##### Recorded data

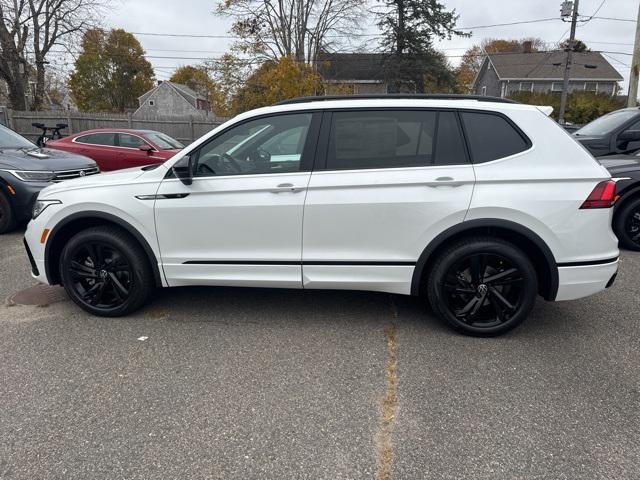 new 2024 Volkswagen Tiguan car, priced at $39,004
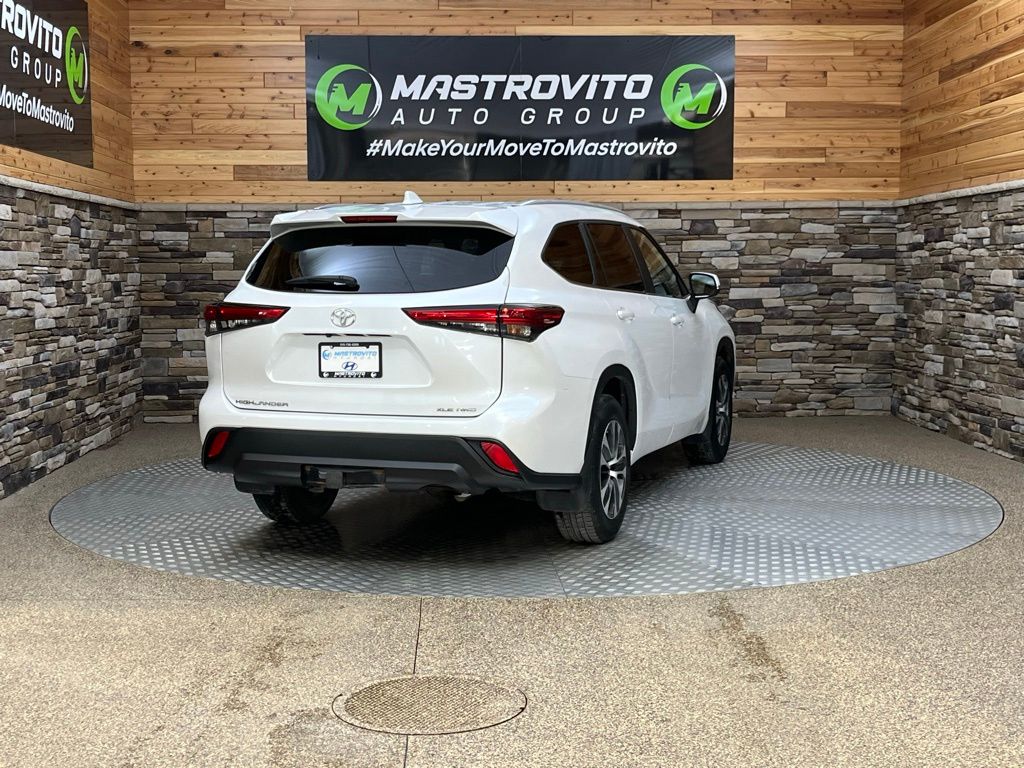 2023 Toyota Highlander XLE - Photo 12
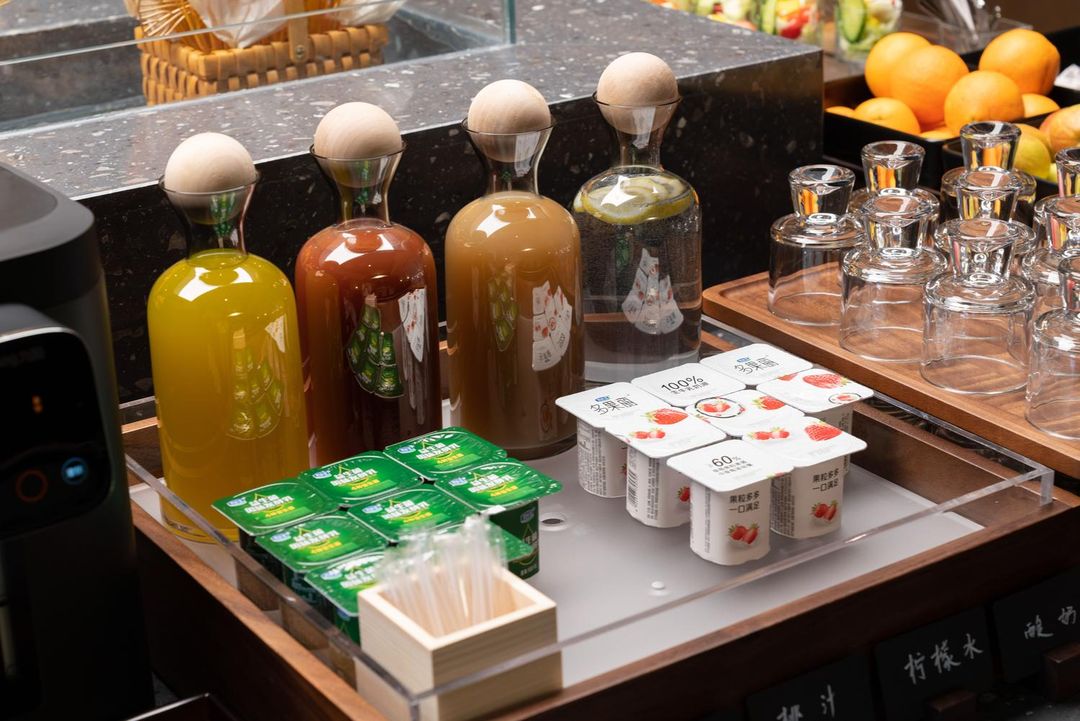 石家庄长安光华路亚朵酒店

##########

## Required action
Keep the pictures out of the copy and return the rest of the data above exactly.

## Exercise answer
 new 2024 Volkswagen Tiguan car, priced at $39,004
 2023 Toyota Highlander XLE - Photo 12
 石家庄长安光华路亚朵酒店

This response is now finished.